Future spends most of its existence anticipating, though a few significant events find present and future encountering each other. These meetings sometimes produce sparks, for I expend little energy moderating my visions. I tend to spawn them in almost exclusively expansive forms, suspending those physical laws reserved for presents and pasts. In my future, anything might happen, and I cast even uncertainty as less of a barrier than I should probably expect it to be. I can revel there, suspended within my Utopian projections, and usually believe that my imagined future waits impatiently for my arrival. Reality, the traditional buzz-kill of dedicated dreamers, steps in somewhere to throw some cold water on the dreamer, though not even a freezing Bucket-Challenge intervention tends to blunt the more alluring imaginings.

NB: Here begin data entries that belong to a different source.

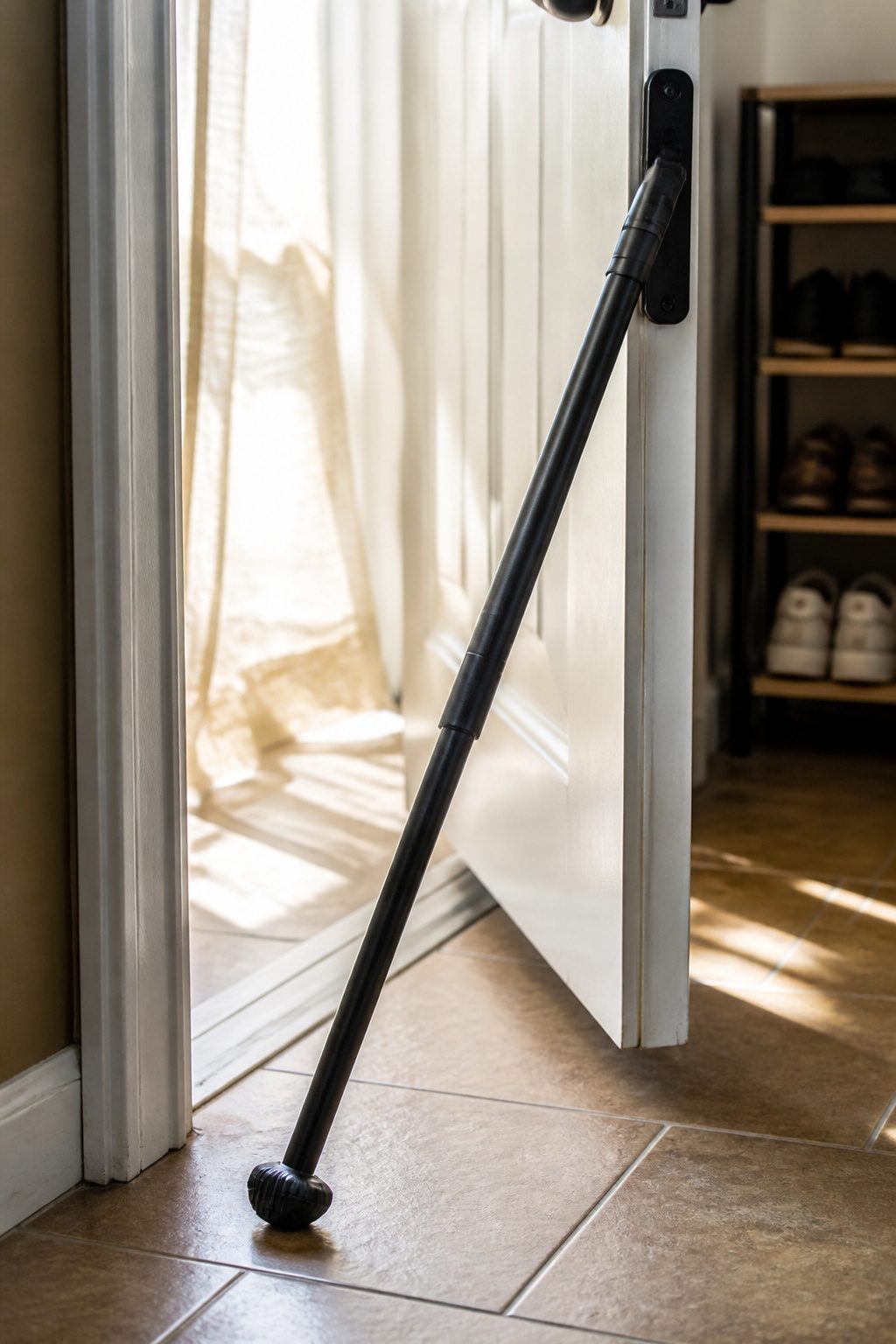 Door Security Bar: 8 Models and How to Choose in 2026 3 Master Lock 20 Gauge Dual Function security bar next to a door.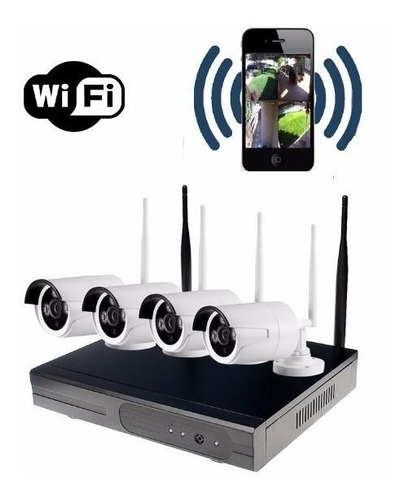 Imagen 1 de 10 de Kit 4 Cámaras Seguridad Inalambricas Wifi Hd  + Nvr Int/ext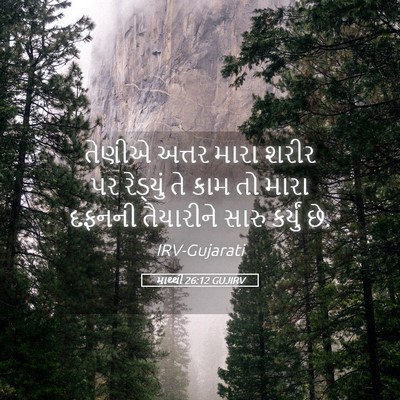 Picture 05 - માથ્થી 26:12 GUJIRV - તેણીએ અત્તર મારા - Bible Verse Picture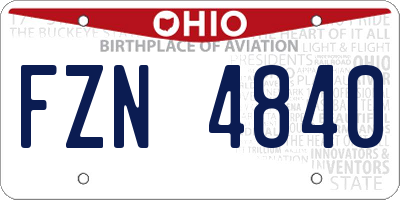 OH license plate FZN4840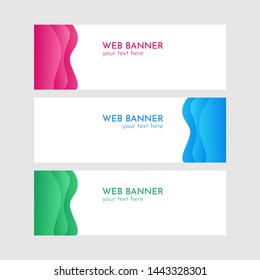 Abstract banner web template. Banner template with Magenta, Blue and Green liquid style.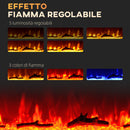 Camino Elettrico da Parete 1800W con Telecomando e Display LCD 91,4x15,8x45 cm Nero 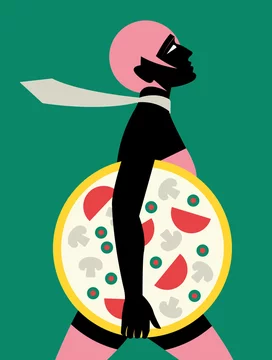 Woman holding pizza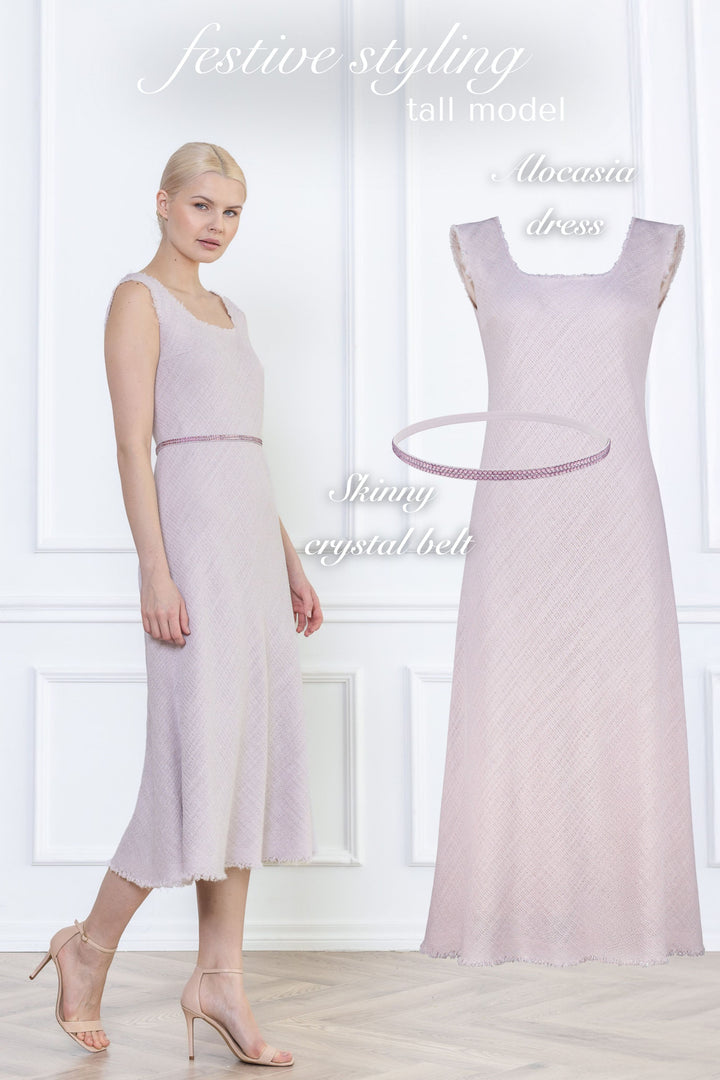 ALOCASIA PALE LAVENDER TEXTURED WOOL-SILK MIDI DRESS WITH FRINGE DETAILS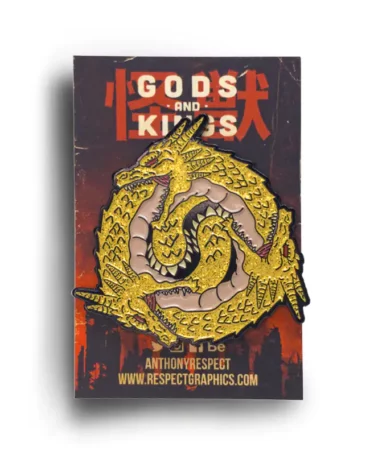 Ghidorah Ghidoraboross Classic Edition Black Metal Finish Kaiju Gods and Kings Enamel Pin By Anthony Respect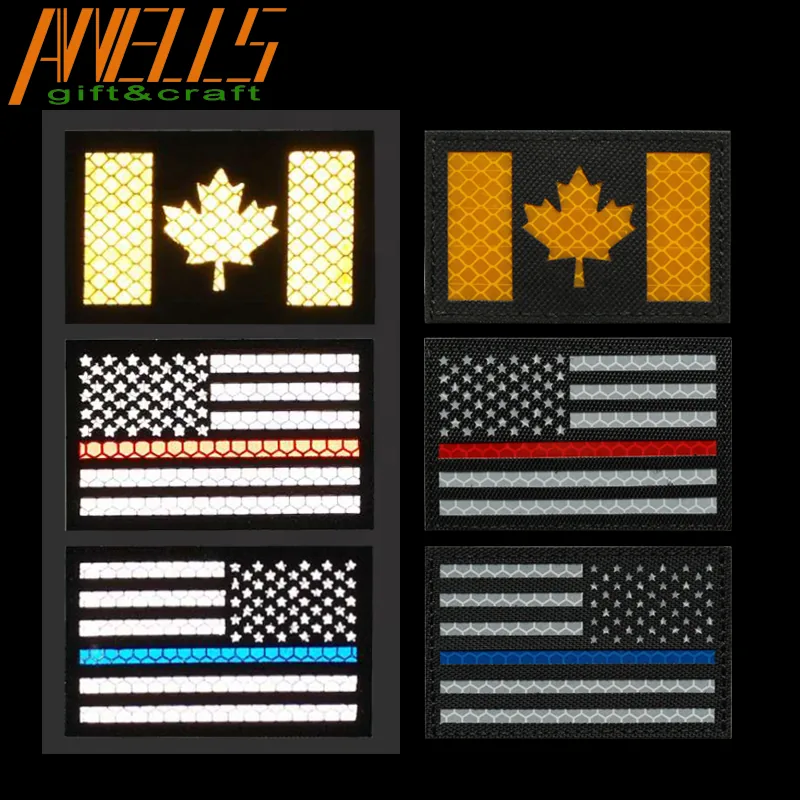 Multicam US Flag IR Reflective Tactical Hook and Loop Reverse Patch view 6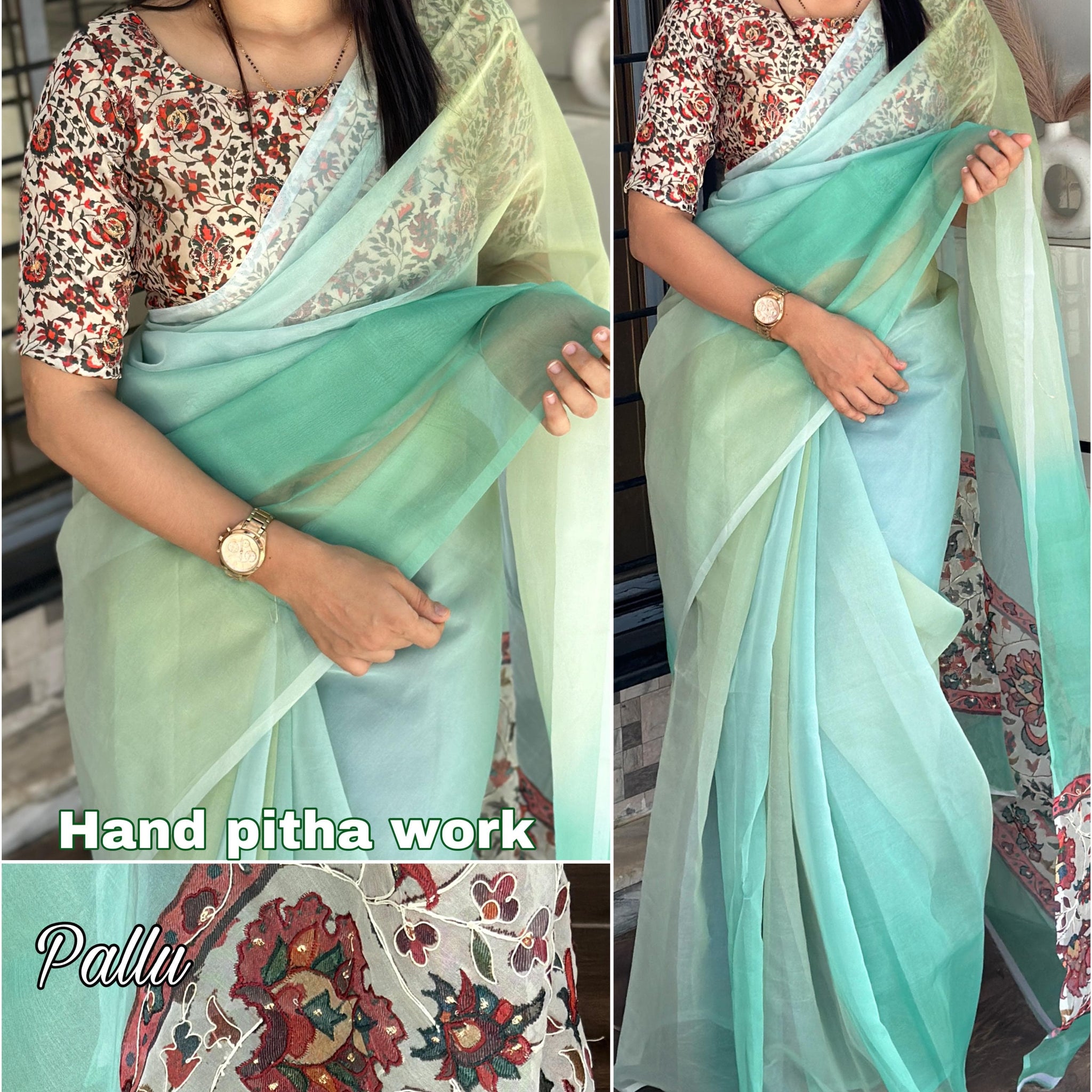 Chicora Presents A perfect shaded printed light weight saree with pallu concept pattern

In this culture, we learn early to firmly believe in The Future, for it seems to hold our destiny, our ultimate achievements.
Other cultures worship their pasts, but we seem to discount ours as mere pretenders, practice for an ever-emerging perfection. We behave as if we're either certain to achieve it or as if we already had, taking full credit for outcomes that might not have quite manifested yet. We might adopt a creed touting universal equality then act shocked when someone points out that we haven't quite achieved that aspiration. We take affront then, as if acknowledging a shortcoming insulted our intentions. We're pretty certain that we're really better than we might appear. Those who disagree with our inflated sense of self esteem seem clueless to us, and unimaginative. We're still moving forward though we've already arrived. Any other perspective seems short-sighted.

I imagined that once we'd reinhabited our fabled home, our future would just manifest. I was not foolish enough to presume Spandex® suits and flying cars, but some more modest equivalents, a future ready and waiting for us. For instance, I imagined that I would buy a cordless electric reel mower, mostly because I'd imagined that they already existed. I'd seen video on the internet which seemed to validate my projection, but deeper scrutiny, like actual proof of their availability, eluded me. I'm no wizard when Googling. I tend to find everything but what I search for there, and I managed to find two examples of what I'd imagined, one gold-plated and the other, apparently, the lawn mower equivalent of vapor ware. This situation left me with a dilemma. I knew what I wanted but could apparently not manifest it. Perhaps the future continues to lie just offshore and simply arriving here had not quite lured it in. Not yet. Now I inhabit the messy time between arriving in my future and it finally noticing me here.

In some ways, encountering any future must remain similar to sliding back into some stone age, for both operate by rules quite different from even any recent past. The future often initially seems stupid if only because I have not quite yet come to understand its new and "improved" rules of engagement. Not even flying cars resolve very many of the eternal dilemmas of living. Even flying cars require a parking place and insurance. Though I pumped myself up to be a sworn enemy of rotary mowers, even those powered by batteries, I catch myself amending my earlier conviction, but only because my future thus far lacks the capability to satisfy my higher intentions. What do I have? What do I want? What will I settle for? Real futures omit that last question, for real futures always seem capable of satisfying any want and of blithely narrowing any gap between what I want and have. In this real world, unimproved by fancy, the present reigns superior to every future. I eventually agree to continue dreaming with the explicit understanding that I'm still holding my dream, and that in time, I'll be meeting up with my future. It's destiny! In the mean time, I'll settle for what the present offers and keep dreaming forward.